Wrong, says Dobbs Ferry’s Judith Schlesinger, PhD. The 61-year-old psychologist, author of Insanity Hoax: Exposing the Myth of the Mad Genius, says she’s one of the few academics studying the link between mental illness and artistic genius who, well, doesn’t even believe there is a link. “I’ve always loved art and music,” says Schlesinger, who has also worked as a concert pianist, jazz singer, jazz critic, and music producer. “The biographies of these people were so tragic, and there was an expectation that they would be. When I started studying psychology, that started to smell.
“Everyone was citing the same four studies,” she continues. “So I went looking for them.” The two most famous authors claiming the link is real—both did their seminal research on fewer than 20 people, and both papers were plagued by biases, she asserts.

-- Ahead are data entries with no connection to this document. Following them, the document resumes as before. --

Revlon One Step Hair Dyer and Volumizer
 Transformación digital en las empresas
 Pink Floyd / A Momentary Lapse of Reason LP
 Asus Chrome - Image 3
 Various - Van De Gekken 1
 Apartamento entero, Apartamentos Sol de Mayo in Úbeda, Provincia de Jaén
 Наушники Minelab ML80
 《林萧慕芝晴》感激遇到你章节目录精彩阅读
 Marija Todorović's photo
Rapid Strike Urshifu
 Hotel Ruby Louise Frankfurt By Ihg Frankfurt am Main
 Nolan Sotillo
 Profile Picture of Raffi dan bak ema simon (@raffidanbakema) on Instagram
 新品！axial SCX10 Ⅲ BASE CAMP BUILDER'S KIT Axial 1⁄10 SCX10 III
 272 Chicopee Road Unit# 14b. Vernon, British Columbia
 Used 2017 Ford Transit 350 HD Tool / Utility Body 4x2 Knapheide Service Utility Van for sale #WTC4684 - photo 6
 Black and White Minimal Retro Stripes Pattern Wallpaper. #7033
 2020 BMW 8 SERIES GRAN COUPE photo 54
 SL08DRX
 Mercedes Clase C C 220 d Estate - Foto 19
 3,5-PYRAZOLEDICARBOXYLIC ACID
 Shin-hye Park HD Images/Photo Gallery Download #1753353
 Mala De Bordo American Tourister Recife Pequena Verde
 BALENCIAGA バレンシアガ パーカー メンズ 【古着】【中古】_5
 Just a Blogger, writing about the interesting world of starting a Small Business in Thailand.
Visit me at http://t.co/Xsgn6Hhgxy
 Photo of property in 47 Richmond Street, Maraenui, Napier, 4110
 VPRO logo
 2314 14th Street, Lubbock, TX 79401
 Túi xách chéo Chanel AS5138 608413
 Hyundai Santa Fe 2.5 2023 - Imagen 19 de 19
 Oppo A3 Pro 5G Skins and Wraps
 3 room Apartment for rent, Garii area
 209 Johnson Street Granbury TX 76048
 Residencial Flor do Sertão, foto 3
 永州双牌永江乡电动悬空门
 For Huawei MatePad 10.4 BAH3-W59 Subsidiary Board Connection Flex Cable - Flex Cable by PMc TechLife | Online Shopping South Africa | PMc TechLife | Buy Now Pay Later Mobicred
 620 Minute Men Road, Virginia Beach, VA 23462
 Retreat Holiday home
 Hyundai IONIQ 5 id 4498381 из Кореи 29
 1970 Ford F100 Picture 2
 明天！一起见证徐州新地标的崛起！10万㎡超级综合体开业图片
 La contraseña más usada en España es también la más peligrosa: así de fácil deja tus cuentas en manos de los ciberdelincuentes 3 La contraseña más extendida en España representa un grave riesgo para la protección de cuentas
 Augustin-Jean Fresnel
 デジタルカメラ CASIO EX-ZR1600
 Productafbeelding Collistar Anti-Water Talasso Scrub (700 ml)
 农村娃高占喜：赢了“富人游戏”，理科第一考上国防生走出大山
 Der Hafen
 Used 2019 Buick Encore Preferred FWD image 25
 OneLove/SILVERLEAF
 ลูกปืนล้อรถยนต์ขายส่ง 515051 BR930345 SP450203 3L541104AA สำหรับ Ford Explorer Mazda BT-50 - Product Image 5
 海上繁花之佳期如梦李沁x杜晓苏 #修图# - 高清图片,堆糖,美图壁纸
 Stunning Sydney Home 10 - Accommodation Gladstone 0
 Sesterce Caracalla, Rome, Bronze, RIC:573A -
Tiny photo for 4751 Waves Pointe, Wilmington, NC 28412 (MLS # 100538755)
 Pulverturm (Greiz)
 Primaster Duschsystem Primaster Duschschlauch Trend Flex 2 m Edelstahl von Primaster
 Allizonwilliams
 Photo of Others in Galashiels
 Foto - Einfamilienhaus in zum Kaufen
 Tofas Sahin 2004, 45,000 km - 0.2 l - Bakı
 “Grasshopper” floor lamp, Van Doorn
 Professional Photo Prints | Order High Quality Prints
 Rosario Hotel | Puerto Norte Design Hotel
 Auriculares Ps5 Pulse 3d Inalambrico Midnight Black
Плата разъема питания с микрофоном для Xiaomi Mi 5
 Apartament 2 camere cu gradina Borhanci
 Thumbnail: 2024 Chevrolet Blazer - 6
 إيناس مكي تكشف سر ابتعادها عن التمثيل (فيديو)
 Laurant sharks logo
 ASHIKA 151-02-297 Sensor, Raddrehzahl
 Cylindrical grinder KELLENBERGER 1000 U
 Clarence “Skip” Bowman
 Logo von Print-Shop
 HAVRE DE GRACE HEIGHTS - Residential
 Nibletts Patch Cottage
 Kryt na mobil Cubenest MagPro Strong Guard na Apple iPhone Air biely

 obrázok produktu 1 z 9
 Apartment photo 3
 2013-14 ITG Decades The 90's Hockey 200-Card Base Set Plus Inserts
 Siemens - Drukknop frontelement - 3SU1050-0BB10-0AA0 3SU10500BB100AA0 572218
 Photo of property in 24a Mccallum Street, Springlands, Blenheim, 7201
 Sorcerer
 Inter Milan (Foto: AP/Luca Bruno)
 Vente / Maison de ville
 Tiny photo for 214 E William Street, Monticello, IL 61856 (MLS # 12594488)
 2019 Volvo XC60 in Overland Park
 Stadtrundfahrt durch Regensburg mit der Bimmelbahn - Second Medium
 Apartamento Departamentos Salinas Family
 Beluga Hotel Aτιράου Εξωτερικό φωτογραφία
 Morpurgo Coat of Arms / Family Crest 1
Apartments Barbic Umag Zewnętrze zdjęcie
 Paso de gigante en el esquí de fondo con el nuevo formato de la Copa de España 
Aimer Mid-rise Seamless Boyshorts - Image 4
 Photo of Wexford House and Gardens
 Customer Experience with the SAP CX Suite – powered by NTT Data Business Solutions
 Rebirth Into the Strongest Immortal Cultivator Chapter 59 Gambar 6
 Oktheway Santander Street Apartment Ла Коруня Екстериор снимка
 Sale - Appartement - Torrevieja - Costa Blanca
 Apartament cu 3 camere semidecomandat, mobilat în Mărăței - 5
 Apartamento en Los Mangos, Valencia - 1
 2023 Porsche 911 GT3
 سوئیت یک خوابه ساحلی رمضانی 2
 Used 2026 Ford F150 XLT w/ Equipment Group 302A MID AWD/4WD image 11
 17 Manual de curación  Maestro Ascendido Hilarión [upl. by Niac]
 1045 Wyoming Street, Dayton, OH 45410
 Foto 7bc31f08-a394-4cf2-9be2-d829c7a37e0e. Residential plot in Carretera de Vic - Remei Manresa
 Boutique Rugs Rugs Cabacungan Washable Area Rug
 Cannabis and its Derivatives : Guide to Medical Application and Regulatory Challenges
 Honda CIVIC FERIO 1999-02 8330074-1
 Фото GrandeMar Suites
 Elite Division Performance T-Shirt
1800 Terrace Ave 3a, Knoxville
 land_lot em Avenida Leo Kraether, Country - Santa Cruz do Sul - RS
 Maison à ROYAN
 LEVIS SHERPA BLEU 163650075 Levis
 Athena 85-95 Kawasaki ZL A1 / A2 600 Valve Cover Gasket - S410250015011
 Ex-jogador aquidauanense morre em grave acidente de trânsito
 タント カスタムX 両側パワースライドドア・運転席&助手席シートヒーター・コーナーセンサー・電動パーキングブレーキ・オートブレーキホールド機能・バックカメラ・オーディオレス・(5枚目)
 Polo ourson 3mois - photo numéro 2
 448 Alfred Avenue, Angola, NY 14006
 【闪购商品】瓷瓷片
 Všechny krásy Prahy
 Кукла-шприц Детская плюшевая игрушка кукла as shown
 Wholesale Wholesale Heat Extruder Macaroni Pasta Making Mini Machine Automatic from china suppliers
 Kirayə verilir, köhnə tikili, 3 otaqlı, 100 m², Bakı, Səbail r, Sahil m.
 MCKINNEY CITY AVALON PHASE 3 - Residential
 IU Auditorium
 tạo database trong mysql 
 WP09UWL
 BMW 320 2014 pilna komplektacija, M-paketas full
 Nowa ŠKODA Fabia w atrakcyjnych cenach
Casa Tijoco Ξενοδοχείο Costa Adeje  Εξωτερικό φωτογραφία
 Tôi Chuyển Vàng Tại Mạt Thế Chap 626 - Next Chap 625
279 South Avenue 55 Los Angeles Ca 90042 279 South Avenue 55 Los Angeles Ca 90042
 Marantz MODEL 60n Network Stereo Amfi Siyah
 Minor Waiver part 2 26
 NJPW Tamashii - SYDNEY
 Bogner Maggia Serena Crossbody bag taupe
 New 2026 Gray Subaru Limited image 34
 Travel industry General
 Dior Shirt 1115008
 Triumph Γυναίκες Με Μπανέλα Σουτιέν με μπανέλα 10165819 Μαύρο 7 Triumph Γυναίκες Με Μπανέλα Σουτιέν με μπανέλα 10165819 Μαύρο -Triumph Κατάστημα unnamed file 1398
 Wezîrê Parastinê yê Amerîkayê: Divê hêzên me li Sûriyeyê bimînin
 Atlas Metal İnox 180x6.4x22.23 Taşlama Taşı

Schlesinger’s book traces the origin of the mad genius myth, beginning with the Greeks, with Plato’s concept of “divine madness” and Aristotle’s notion of melancholia. Those ideas have been “morphed and twisted to the point where creativity is considered a symptom, where inspiration is mania.” Today, Schlesinger says, the ideas perform a function in society, ennobling the suffering of those with mental disease and excusing the callous behavior of the brilliant but sane and dry.
Even the famous cases of mad geniuses, she says, have their holes. van Gogh’s bipolar symptoms may have actually come from tertiary syphilis, and many think van Gogh’s friend and rival Paul Gaugin actually cut off his ear in a fight. As for Charlie Parker and the jazz junkie? “Why doesn’t anyone care about Dave Brubeck, who has five kids
and a sixty-some-odd-year marriage? Duke Ellington? Notoriously healthy. We want to hear about Amy Winehouse. If somebody is talented, we prefer to believe that they suffer. That way we don’t need to feel bad about not being talented.”